Republicans are shocked--SHOCKED!-- that they are being accused of trying to take down Obama at the expense of the country:
It is difficult to overstate how offensive elected Republicans find the sabotage accusation, which Obama himself has come very close to making. During the run-up to the midterm election, the president said at a town hall meeting in Racine, Wis.: "Before I was even inaugurated, there were leaders on the other side of the aisle who got together and they made the calculation that if Obama fails, then we win." Some Republican leaders naturally took this as an attack on their motives. Was the president really contending that Republican representatives want their constituents to be unemployed in order to gain a political benefit for themselves?
Why, yes.
Yes...
"If we’re able to stop Obama on this it will be his Waterloo. It will break him."
...he...
“It was absolutely critical that everybody be together because if the proponents of the bill were able to say it was bipartisan, it tended to convey to the public that this is O.K., they must have figured it out,” Mr. McConnell said about the health legislation in an interview, suggesting that even minimal Republican support could sway the public. “It’s either bipartisan or it isn’t.”
Mr. McConnell said the unity was essential in dealing with Democrats on “things like the budget, national security and then ultimately, obviously, health care.”
...did.
In an interview today on MSNBC's "Morning Meeting with Dylan Ratigan," Senate Finance Committee ranking member Chuck Grassley (R) said he'd vote against any health-care reform bill coming out of the committee unless it has wide support from Republicans -- even if the legislation contains EVERYTHING Grassley wants.
"I am negotiating for Republicans," he said. "If I can't negotiate something that gets more than four Republicans, I'm not a good negotiator."
One can make the argument that bipartisanship does not produce desirable outcomes. No Child Left Behind and the Iraq War certainly give credence to that idea.
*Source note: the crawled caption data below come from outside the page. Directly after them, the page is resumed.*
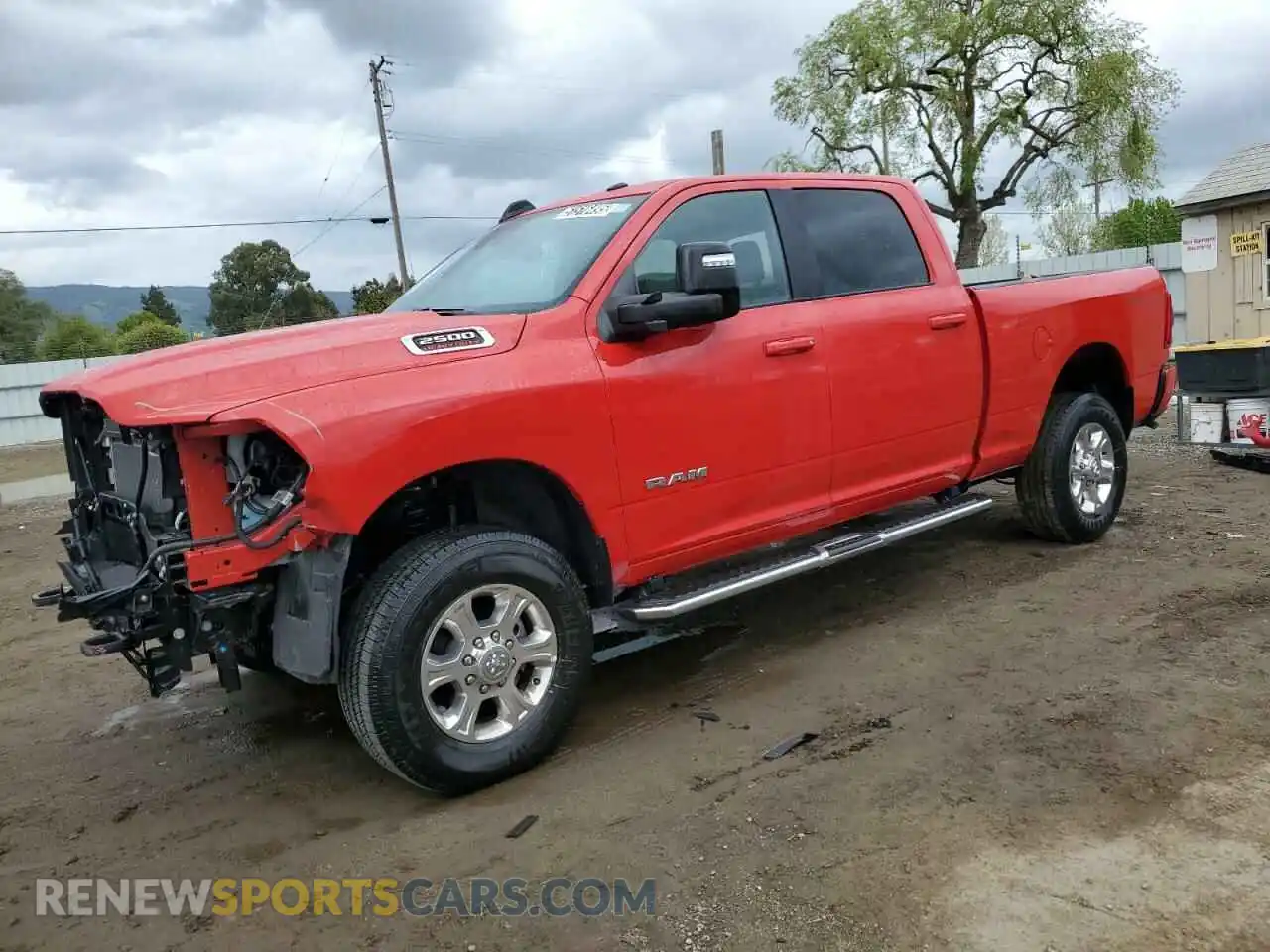 1 Photograph of a damaged car 3C6UR5DJ6RG386446 RAM 2500 2024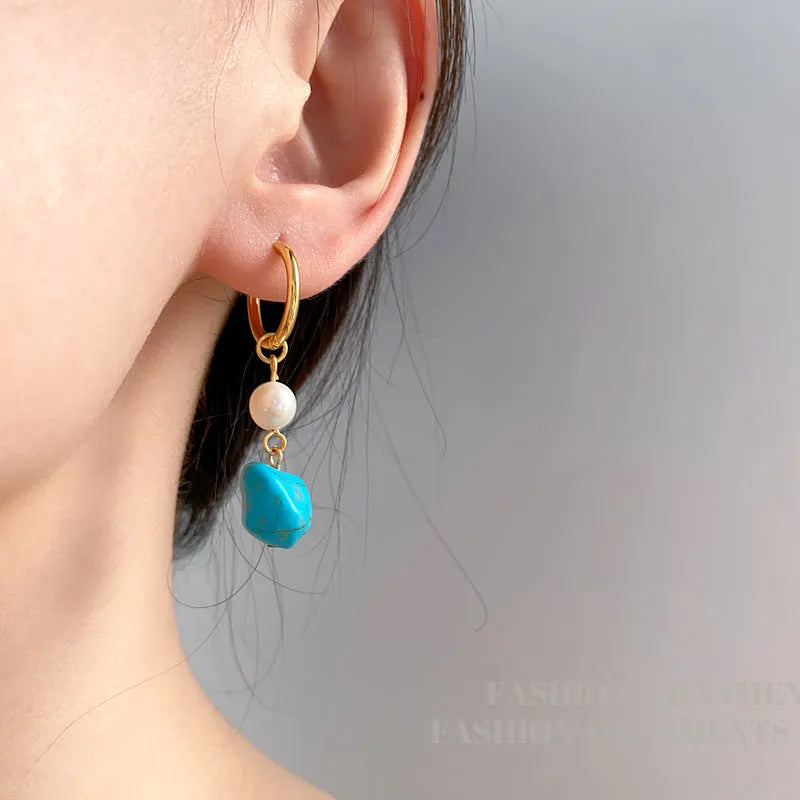 A pair of geometric copper earrings with irregular turquoise stones and cultured pearls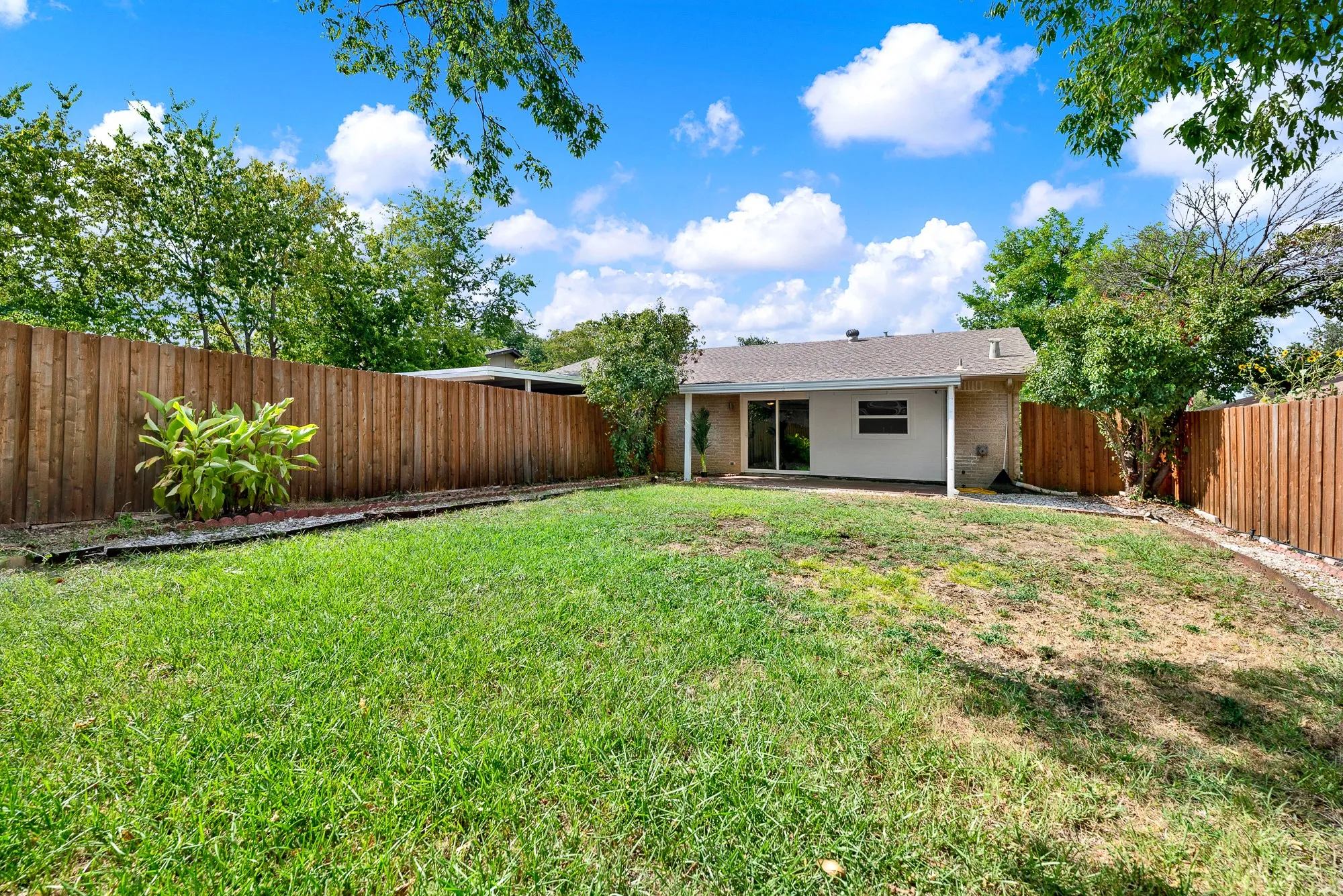 Spacious backyard with covered patio.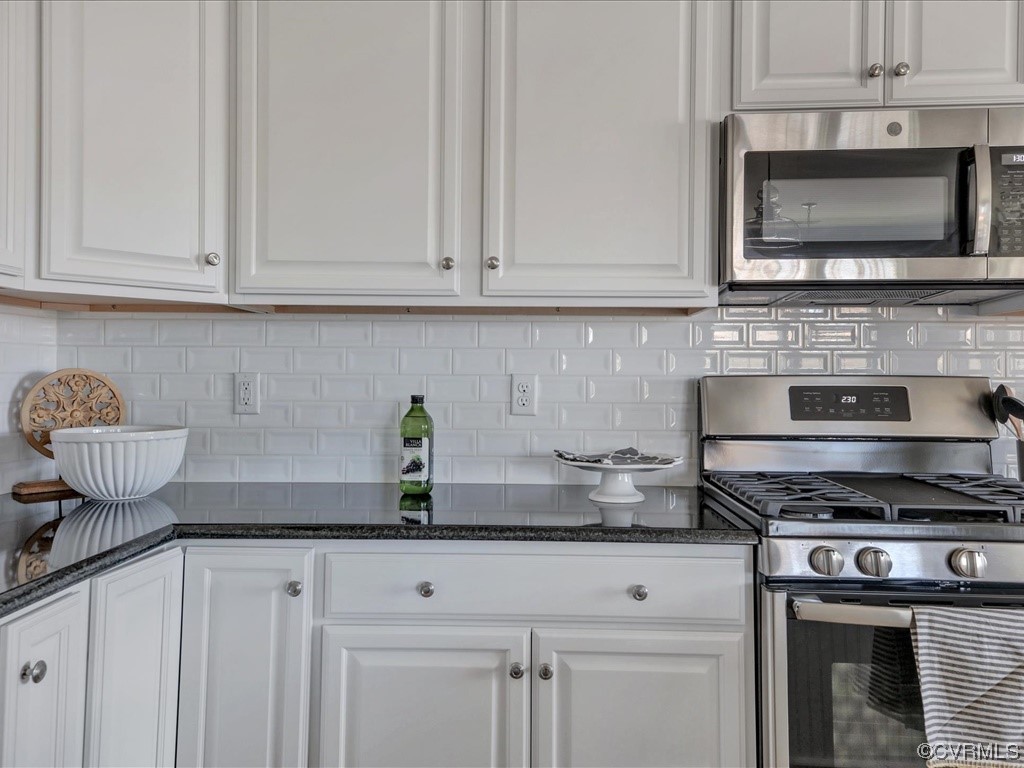 12806 Deep Wl Road Midlothian, VA 23112 - Photo 7 of 46 a kitchen with granite countertop white cabinets and stainless steel appliances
But that's not the argument being made.
To say the Republicans aren't doing everything they can to be uncooperative obstructionists, with the nation's wellbeing as collateral damage--from withholding approval of numerous and important cabinet appointees to delaying renewal unemployment benefits three times to ransoming middle-class tax cuts to withdrawing support for the vital START treaty--is disingenuous in the extreme.